Niestety więcej kotów nie udało się sfocić

Poszly sobie w długą i nie można ich było znaleźć, nadrobimy w grudniu, obiecuję. Za to powiedzialam Krysi, zeby powiedziała mi o każdym kilka słów.
Bąbel - jest wielką przylepą, lubi przychodzić do Krysi po głaski, do obcych raczej z rezerwą ale myslę, że nadawałby się do adopcji.
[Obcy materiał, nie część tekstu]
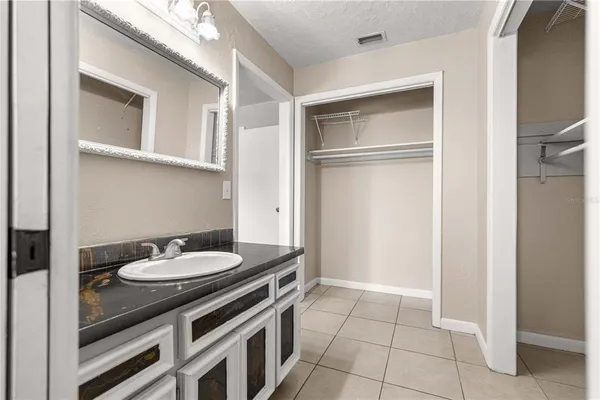 $280,000 | 5721 Southeast 21st Lane, Ocala, FL 34480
Jest zdrowy.
Daisy - zawsze się gdzieś kręci ale raczej chodzi własnymi drogami.
Morus - niestety tak jak kiedyś rządził tak teraz się raczej uspokoił, żadko przychodzi na głaski, raczej z boku.
Bobi - caly czas zaczepia koty i z nimi walczy, do ludzi raczej niekoniecznie lgnie.
Fredi - raczej na uboczu, też gdzieś mi mignął przy jedzeneniu a potem już go nie widziałam.
Bezuszek - byl trochę chory bo schudłi futro mu się zmieniło ale teraz już wraca do siebie, zdjęcie w autobusie zupełnie nie wyszlo
Kajtek - bardzo towarzyski, chodzi za Krysią, kręci sie zawsze gdzieś w jej pobliżu, do obcych niekoniecznie

Ja osobiście go nie zauważyłam.
Mel - Krysia mówi na niego Meluś-Feluś, często Krysia musi mu dawać jedzenie gdzieś z boku bo nie umie walczyć o swoje. Oprócz uszka, wszystko w porządku, on też nadawałby się do adopcji, ale kto zechce takiego kota
Pusia - to Zuzia, pieszczocha i łakomczucha
Murek - to Miłek - zadziora, długo był chory ale w końcy doszedł do siebie, nie umiem odpowiedzieć dlaczego nie mam jego zdjęcia
Szaraczek - pół dziki, raczej mało go widać, stąd brak zdjecia

był na chwilę i się zmył
Następnym razem skupie się właśnie na tych kotach i zaręczam, że nie ruszę się dopóki ich nie sfocę. W sumie nie byliśmy długo bo bylo raczej zimno i zaczęło się robić ciemno.